# Provided records:
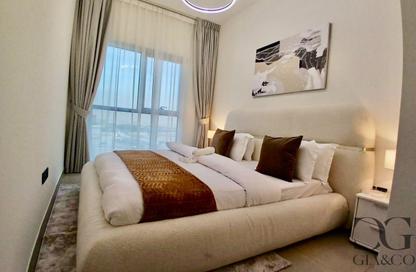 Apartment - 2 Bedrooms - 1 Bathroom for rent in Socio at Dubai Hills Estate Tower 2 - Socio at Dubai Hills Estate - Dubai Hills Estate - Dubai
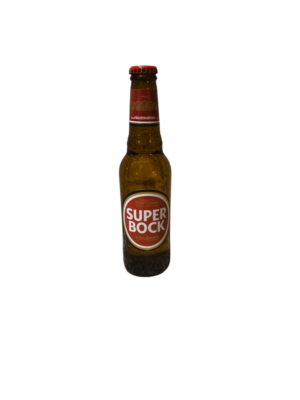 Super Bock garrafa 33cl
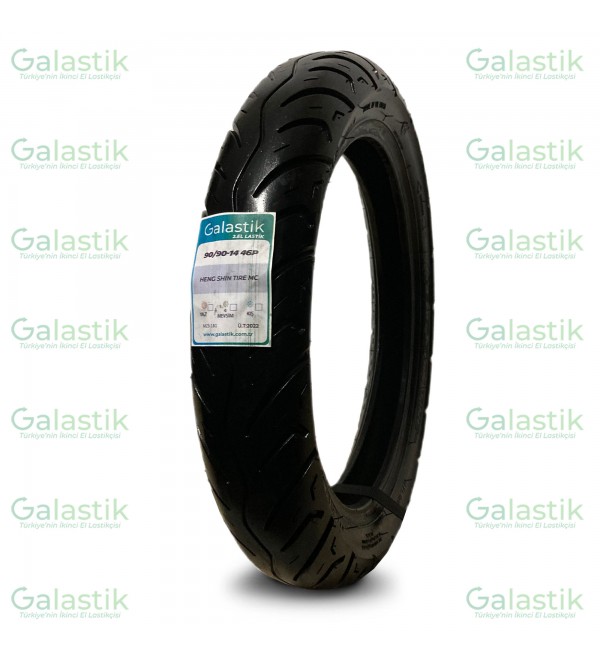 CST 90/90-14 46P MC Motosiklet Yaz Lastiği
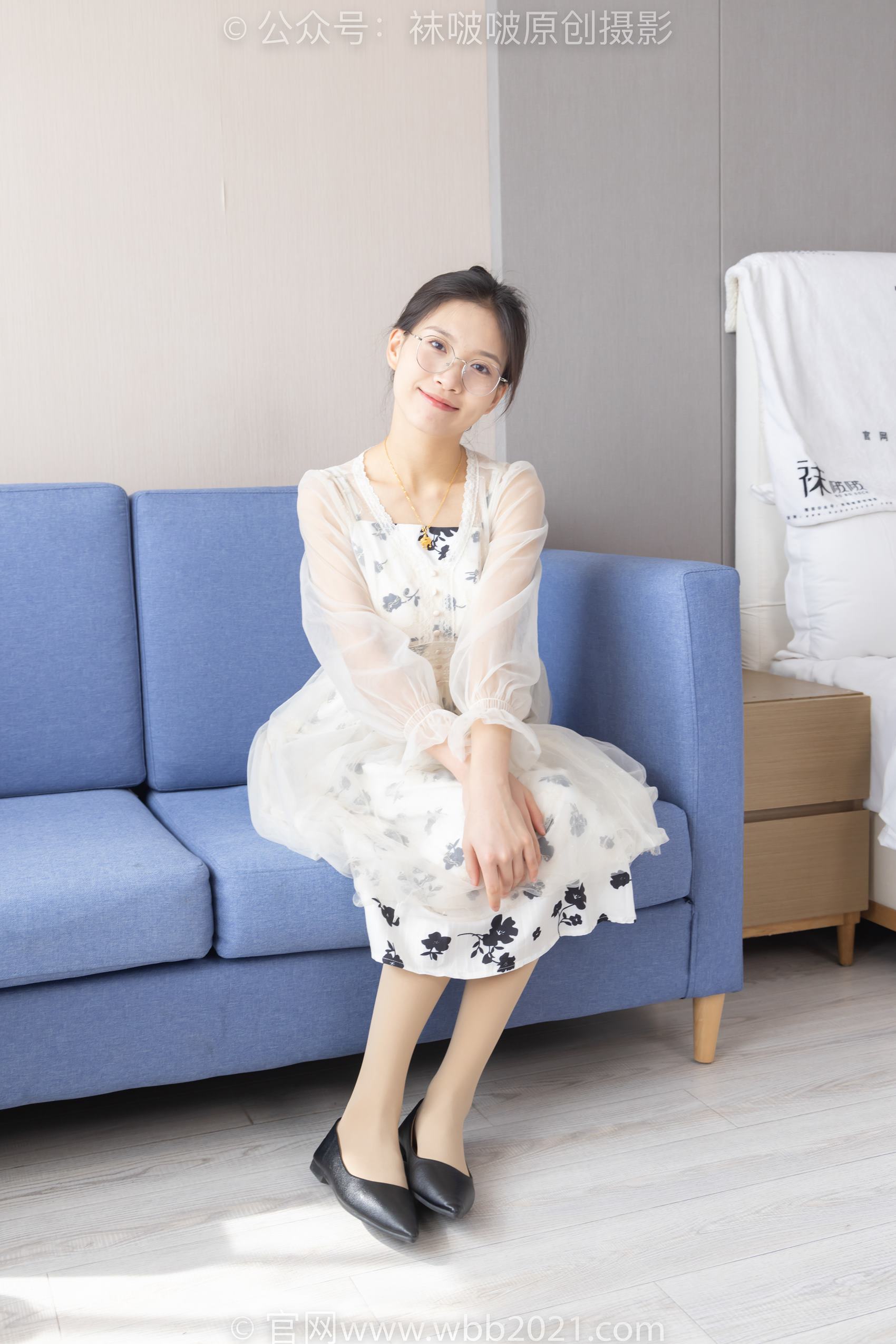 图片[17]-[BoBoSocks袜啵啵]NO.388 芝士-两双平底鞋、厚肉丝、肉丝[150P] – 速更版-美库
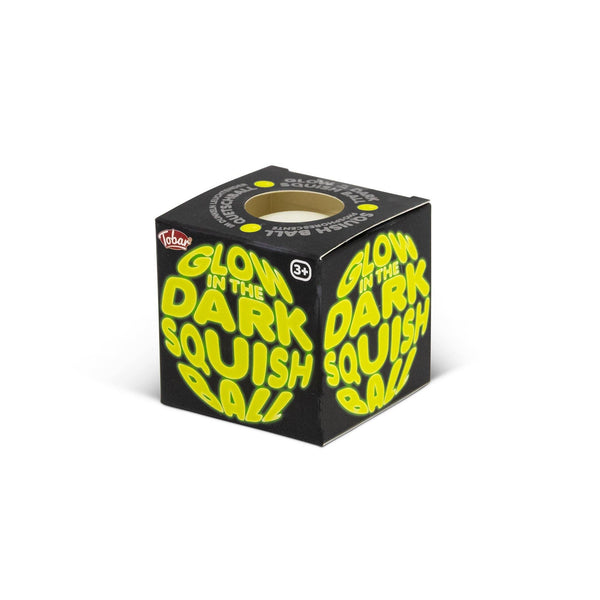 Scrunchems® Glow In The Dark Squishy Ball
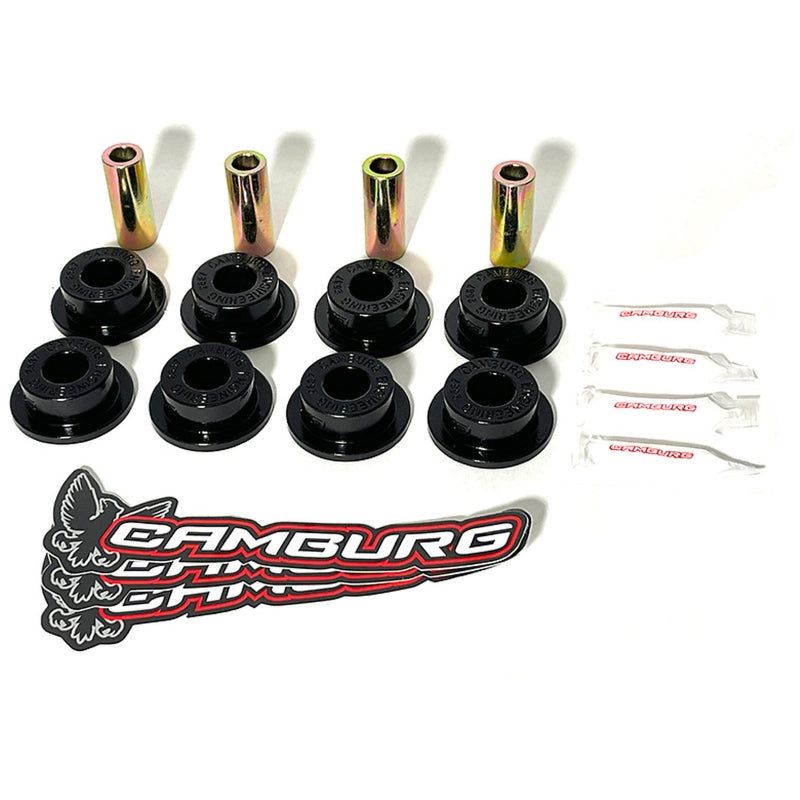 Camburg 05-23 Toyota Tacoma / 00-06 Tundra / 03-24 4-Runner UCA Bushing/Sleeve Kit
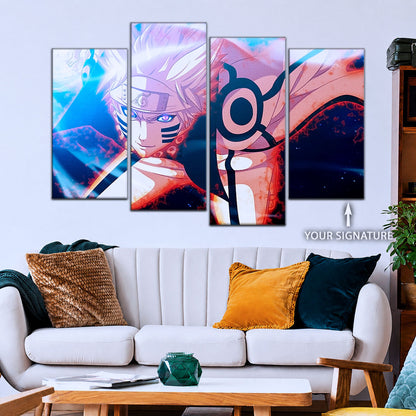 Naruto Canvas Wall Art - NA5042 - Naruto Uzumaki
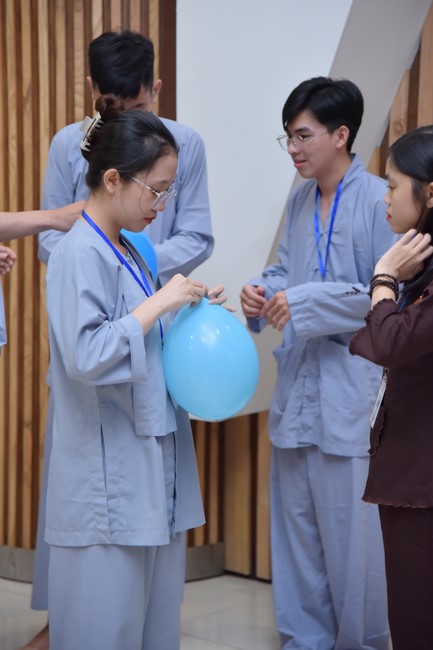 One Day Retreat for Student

---

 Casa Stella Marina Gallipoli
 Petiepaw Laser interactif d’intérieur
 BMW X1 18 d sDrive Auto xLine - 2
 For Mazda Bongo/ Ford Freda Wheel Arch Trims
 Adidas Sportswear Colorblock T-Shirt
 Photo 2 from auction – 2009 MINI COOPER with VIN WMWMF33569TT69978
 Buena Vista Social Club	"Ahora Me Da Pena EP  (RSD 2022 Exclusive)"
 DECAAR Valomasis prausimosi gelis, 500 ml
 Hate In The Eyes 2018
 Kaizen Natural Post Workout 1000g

==

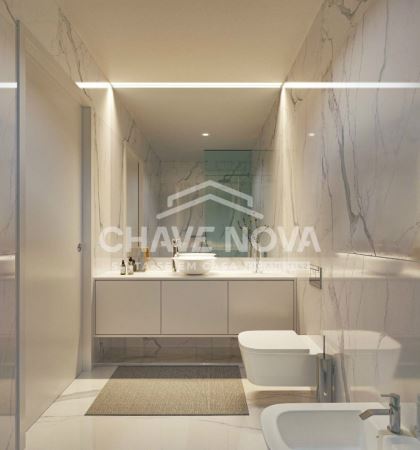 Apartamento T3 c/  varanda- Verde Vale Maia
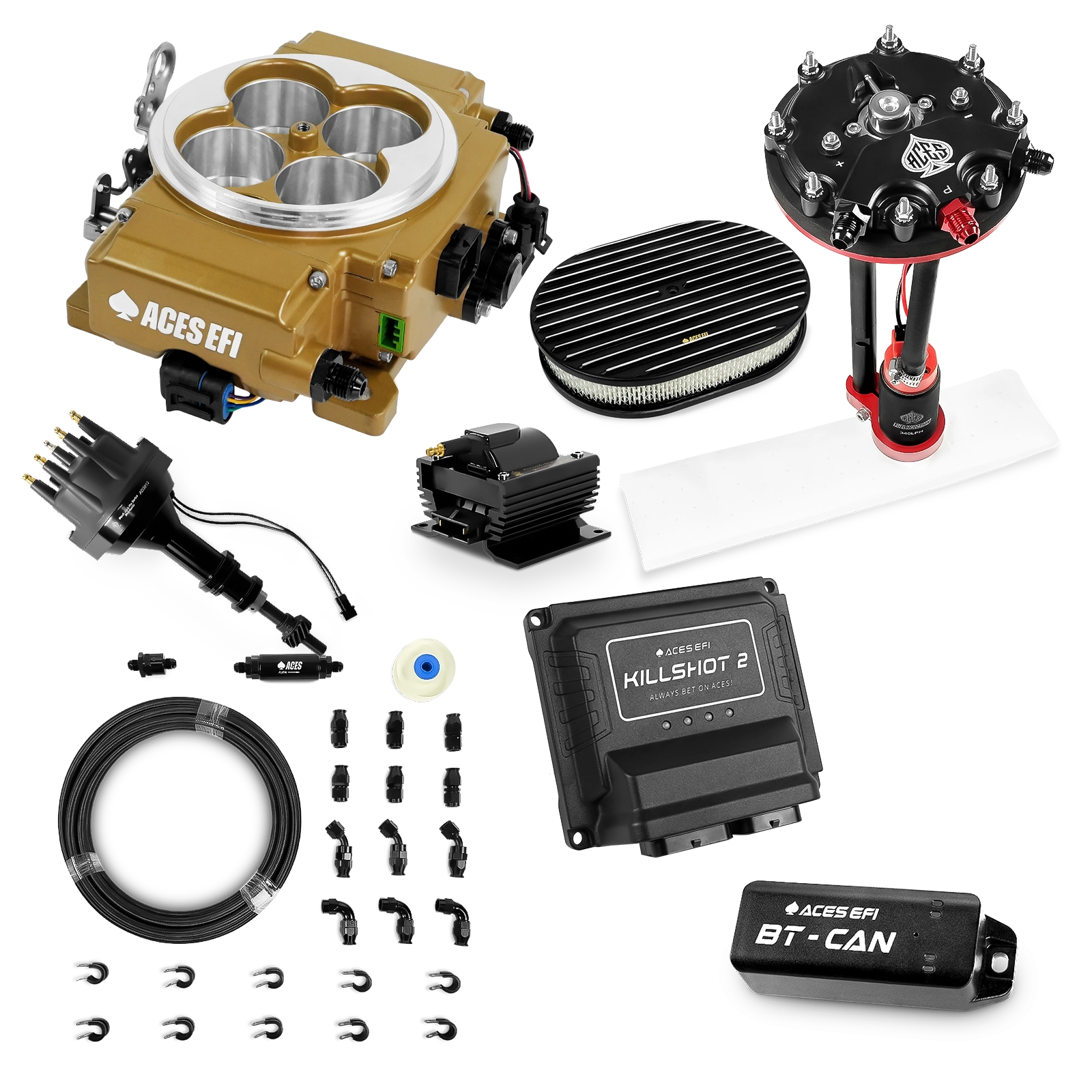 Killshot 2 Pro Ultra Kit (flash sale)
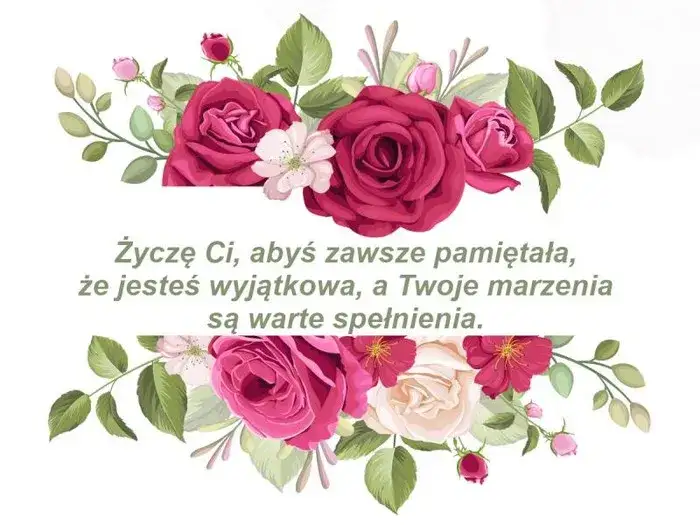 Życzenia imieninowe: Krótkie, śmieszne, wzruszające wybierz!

# About this exercise:
In the listing above, find the line containing "Apartamento T3 c/" and the line containing "Życzenia imieninowe: Krótkie, śmieszne, wzruszające", then print exactly those two lines and every line between them, minus the pictures.

# Response area:
 Apartamento T3 c/  varanda- Verde Vale Maia
 Killshot 2 Pro Ultra Kit (flash sale)
 Życzenia imieninowe: Krótkie, śmieszne, wzruszające wybierz!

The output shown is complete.